Source records: Begin

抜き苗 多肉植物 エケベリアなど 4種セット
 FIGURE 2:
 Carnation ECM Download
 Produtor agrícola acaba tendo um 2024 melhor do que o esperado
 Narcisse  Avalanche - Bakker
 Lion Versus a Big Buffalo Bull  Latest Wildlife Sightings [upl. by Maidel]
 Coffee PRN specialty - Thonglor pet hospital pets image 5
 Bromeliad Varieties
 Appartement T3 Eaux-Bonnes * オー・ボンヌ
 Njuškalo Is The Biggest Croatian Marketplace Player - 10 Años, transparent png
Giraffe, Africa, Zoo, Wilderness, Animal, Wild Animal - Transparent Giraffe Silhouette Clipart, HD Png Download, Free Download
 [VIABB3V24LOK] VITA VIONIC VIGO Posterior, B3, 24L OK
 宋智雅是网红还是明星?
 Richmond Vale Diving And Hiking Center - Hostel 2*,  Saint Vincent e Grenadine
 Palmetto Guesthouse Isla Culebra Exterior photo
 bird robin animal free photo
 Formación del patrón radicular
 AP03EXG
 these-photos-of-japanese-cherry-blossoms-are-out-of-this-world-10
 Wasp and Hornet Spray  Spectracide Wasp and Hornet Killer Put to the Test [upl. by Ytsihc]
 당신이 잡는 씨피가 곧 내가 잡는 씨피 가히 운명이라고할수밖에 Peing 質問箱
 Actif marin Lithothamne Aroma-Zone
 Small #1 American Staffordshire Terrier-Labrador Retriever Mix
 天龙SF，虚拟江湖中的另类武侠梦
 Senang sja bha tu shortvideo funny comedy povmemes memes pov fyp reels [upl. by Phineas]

Source records: End

## Task objective
Set down all of the records shown above once more, exactly.

## Result of the exercise
抜き苗 多肉植物 エケベリアなど 4種セット
 FIGURE 2:
 Carnation ECM Download
 Produtor agrícola acaba tendo um 2024 melhor do que o esperado
 Narcisse  Avalanche - Bakker
 Lion Versus a Big Buffalo Bull  Latest Wildlife Sightings [upl. by Maidel]
 Coffee PRN specialty - Thonglor pet hospital pets image 5
 Bromeliad Varieties
 Appartement T3 Eaux-Bonnes * オー・ボンヌ
 Njuškalo Is The Biggest Croatian Marketplace Player - 10 Años, transparent png
Giraffe, Africa, Zoo, Wilderness, Animal, Wild Animal - Transparent Giraffe Silhouette Clipart, HD Png Download, Free Download
 [VIABB3V24LOK] VITA VIONIC VIGO Posterior, B3, 24L OK
 宋智雅是网红还是明星?
 Richmond Vale Diving And Hiking Center - Hostel 2*,  Saint Vincent e Grenadine
 Palmetto Guesthouse Isla Culebra Exterior photo
 bird robin animal free photo
 Formación del patrón radicular
 AP03EXG
 these-photos-of-japanese-cherry-blossoms-are-out-of-this-world-10
 Wasp and Hornet Spray  Spectracide Wasp and Hornet Killer Put to the Test [upl. by Ytsihc]
 당신이 잡는 씨피가 곧 내가 잡는 씨피 가히 운명이라고할수밖에 Peing 質問箱
 Actif marin Lithothamne Aroma-Zone
 Small #1 American Staffordshire Terrier-Labrador Retriever Mix
 天龙SF，虚拟江湖中的另类武侠梦
 Senang sja bha tu shortvideo funny comedy povmemes memes pov fyp reels [upl. by Phineas]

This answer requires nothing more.